Things have gone on this way so long now that I see no reason to expect change, especially when no one seems to be talking about it. A big part of the problem is that many people working in scientific computing are stuck on the left side of the peak in the Dunning-Kruger curve:

I spent my first ten years climbing this peak, often called "Mount Stupid" for good reason. I spent another fifteen years wallowing in the trough of disillusionment for want of a good mentor. I am clawing my way out of the trough now, and finding a mentor no longer seems so important. It is a protégé I want now, but given the general state of computing education there is no one to be found.*

* I know Goodwin seems like an obvious candidate for this prestigious position, but he is ruled out by the "under 60" age restriction I've placed on it.

Whine and cheese

Let's talk about things that annoy programmers. Three in particular stand out: programming is way harder than it looks, the boss doesn't know how to code, and unclear project specifications are a nightmare. Obviously these are closely related phenomena.
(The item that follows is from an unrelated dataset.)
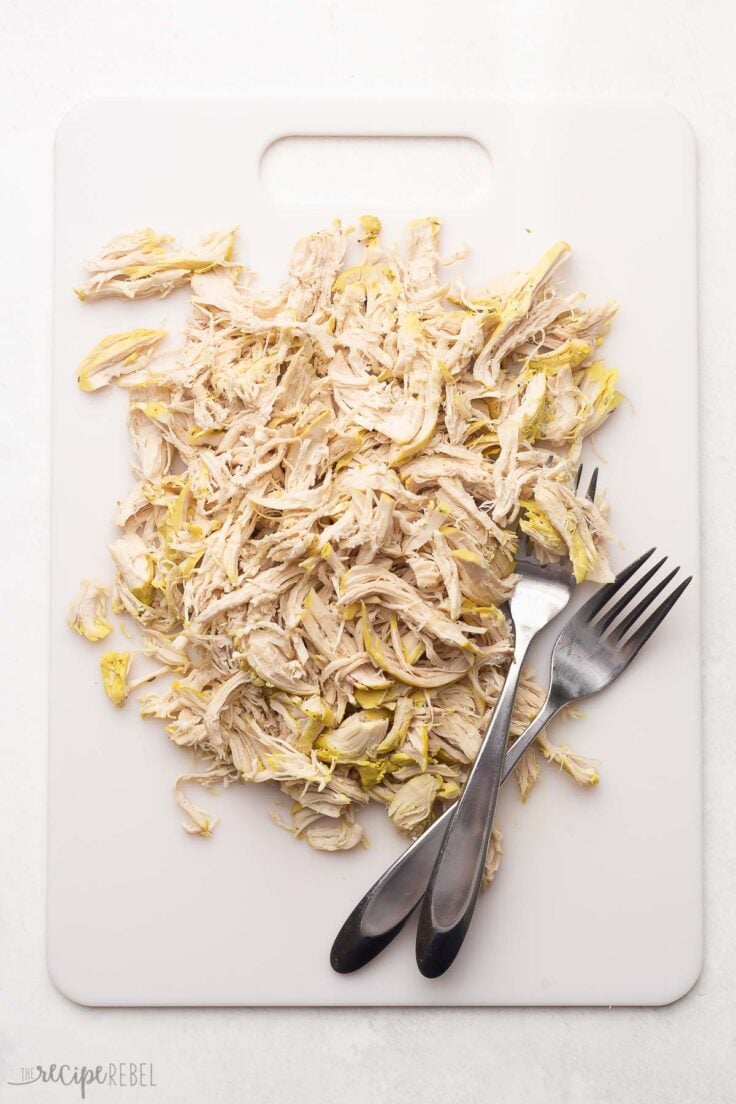 white cutting board with two forks and shredded chicken lying on it.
Programming isn't a binary skill, but I sense that many people perceive it that way. A programmer seems like a plumber or a nurse or maybe even a public notary. Either you are one, or you aren't one. At some point knowledge of plumbing saturates and there isn't much in the world of plumbing to learn anymore. Programming ability doesn't saturate this way. It takes years to grasp the basics, and for those who aspire to mastery, the learning never stops. The range of ability, experience, and talent among self-identified programmers is enormous.

Programming is slow, laborious work that demands constant deliberation and care. Bad things happen when it is rushed. Not everything needs to be perfect, but cutting corners in the wrong places will cripple a code. Acquiring the skills to do this well in a large complicated code takes much longer than many people imagine. It is often difficult to successfully extend the capabilities of a large code, and it is always easy to break it trying.

I once knew a professor who boasted his student was going to write a code to solve the Navier-Stokes equations using the finite element method, and do this in two weeks according to a time line they had written down together. An existing linear equation solver would be used, but otherwise the code would be written from scratch in Fortran 77 (this was in the early 1990s).

The absurdity of this cannot be overstated. Even Goodwin could not do this in fewer than three months, and he's a freak. Six months would be fast for a smart, hard working graduate student to do it. Being asked to accomplish something in two weeks when it really takes six months is confusing and demoralizing.

Unfortunately the situation hasn't gotten any better in the intervening quarter century.